Materials provided -

^^^^

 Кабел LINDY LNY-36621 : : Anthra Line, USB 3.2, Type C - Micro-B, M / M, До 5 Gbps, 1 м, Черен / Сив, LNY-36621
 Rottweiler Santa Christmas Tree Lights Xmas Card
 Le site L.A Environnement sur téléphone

^^^^

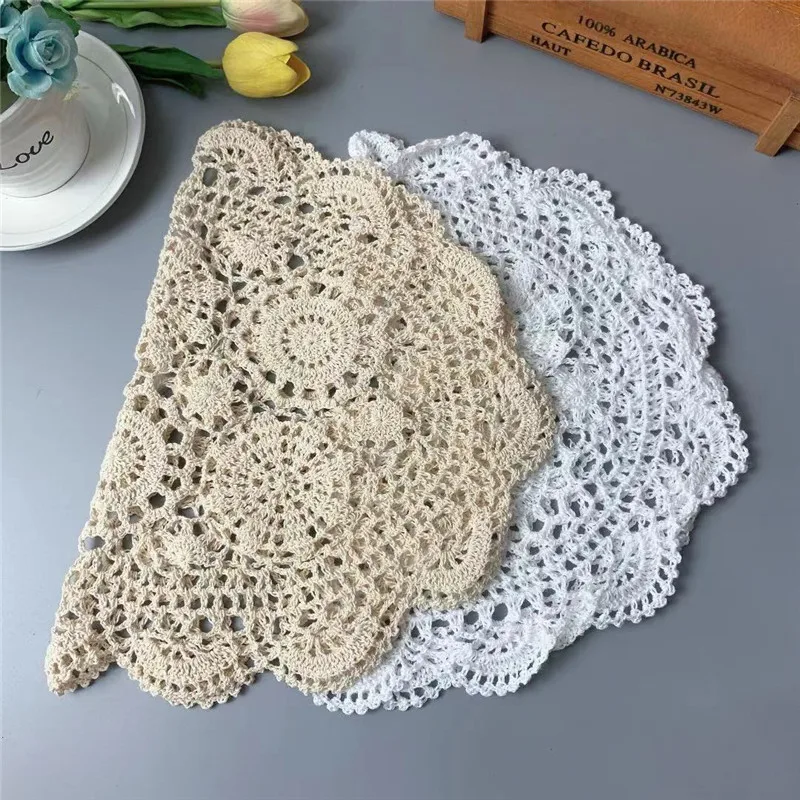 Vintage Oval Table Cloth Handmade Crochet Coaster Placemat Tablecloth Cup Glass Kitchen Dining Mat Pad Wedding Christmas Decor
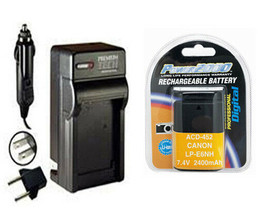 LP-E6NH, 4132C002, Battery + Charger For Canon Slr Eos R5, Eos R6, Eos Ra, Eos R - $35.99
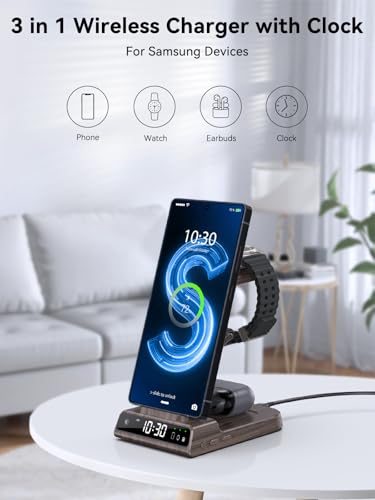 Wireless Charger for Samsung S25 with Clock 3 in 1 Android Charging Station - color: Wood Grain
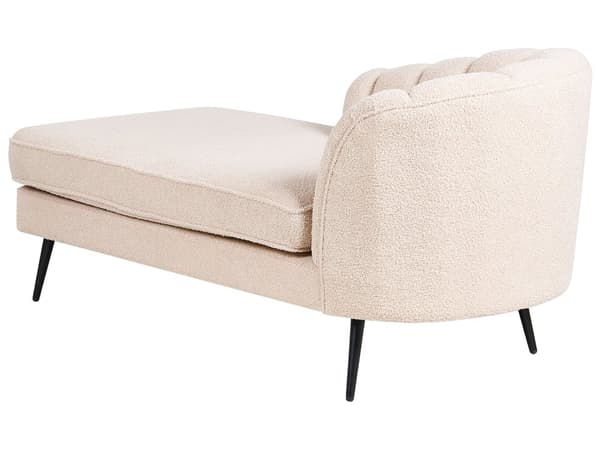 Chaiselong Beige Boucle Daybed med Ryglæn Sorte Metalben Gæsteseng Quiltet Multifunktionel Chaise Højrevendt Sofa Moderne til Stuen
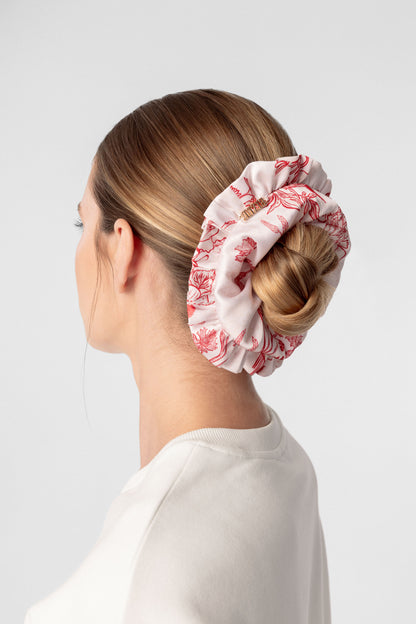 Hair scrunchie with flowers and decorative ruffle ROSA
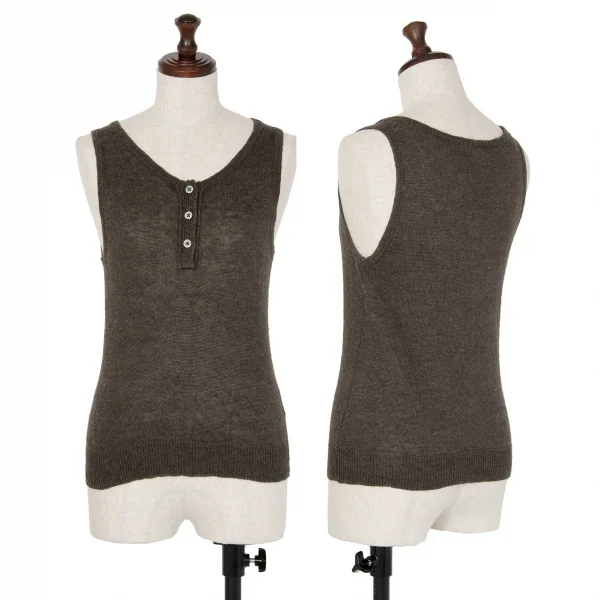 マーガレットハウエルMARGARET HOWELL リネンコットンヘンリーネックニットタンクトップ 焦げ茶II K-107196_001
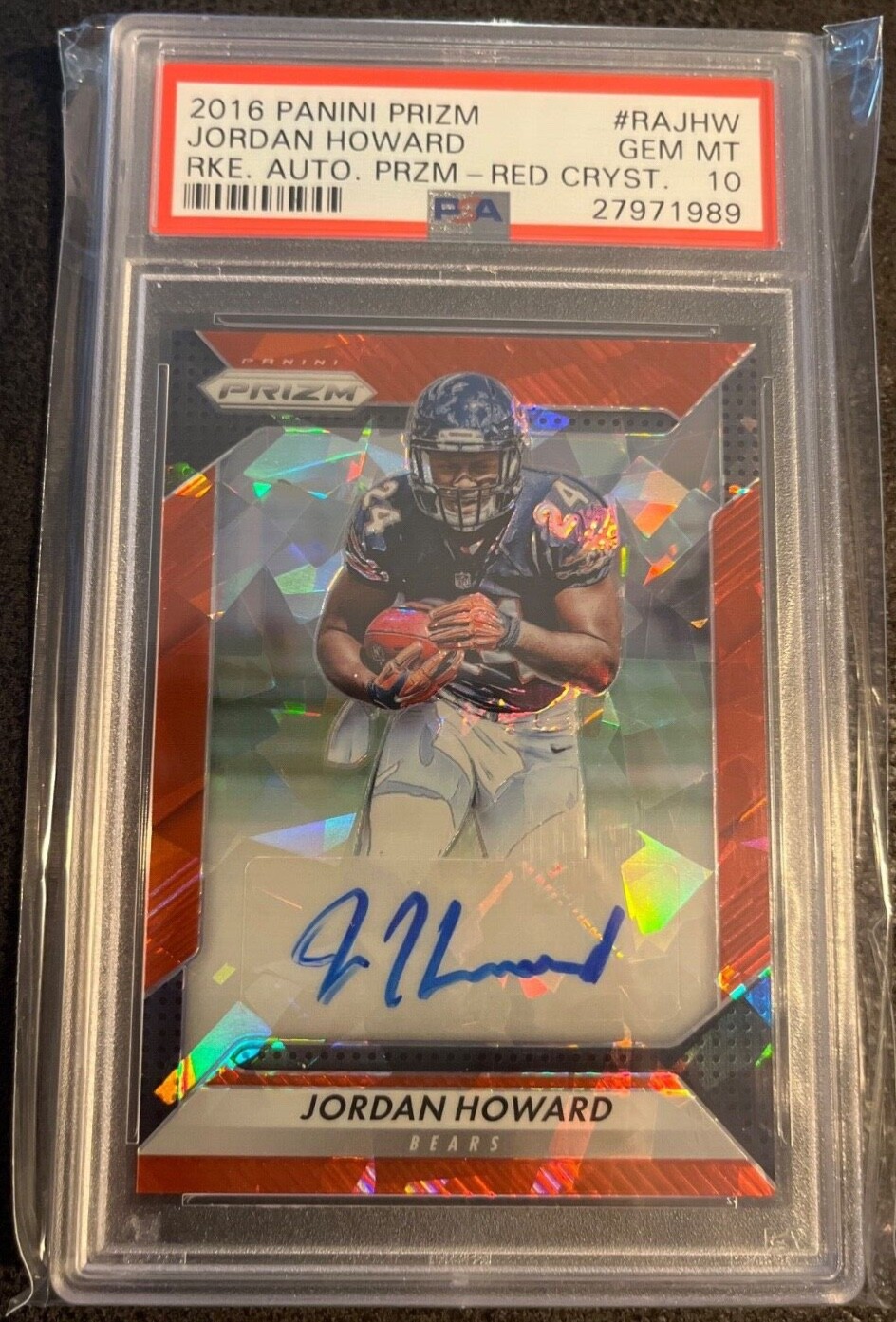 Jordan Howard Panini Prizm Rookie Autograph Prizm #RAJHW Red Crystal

^^^^

Goal of the exercise -
Set down, from the entries above, exactly the lines from the one with "Кабел LINDY LNY-36621" up to and including the one with "Le site L.A Environnement sur téléphone", and no other lines.

Problem solution -
 Кабел LINDY LNY-36621 : : Anthra Line, USB 3.2, Type C - Micro-B, M / M, До 5 Gbps, 1 м, Черен / Сив, LNY-36621
 Rottweiler Santa Christmas Tree Lights Xmas Card
 Le site L.A Environnement sur téléphone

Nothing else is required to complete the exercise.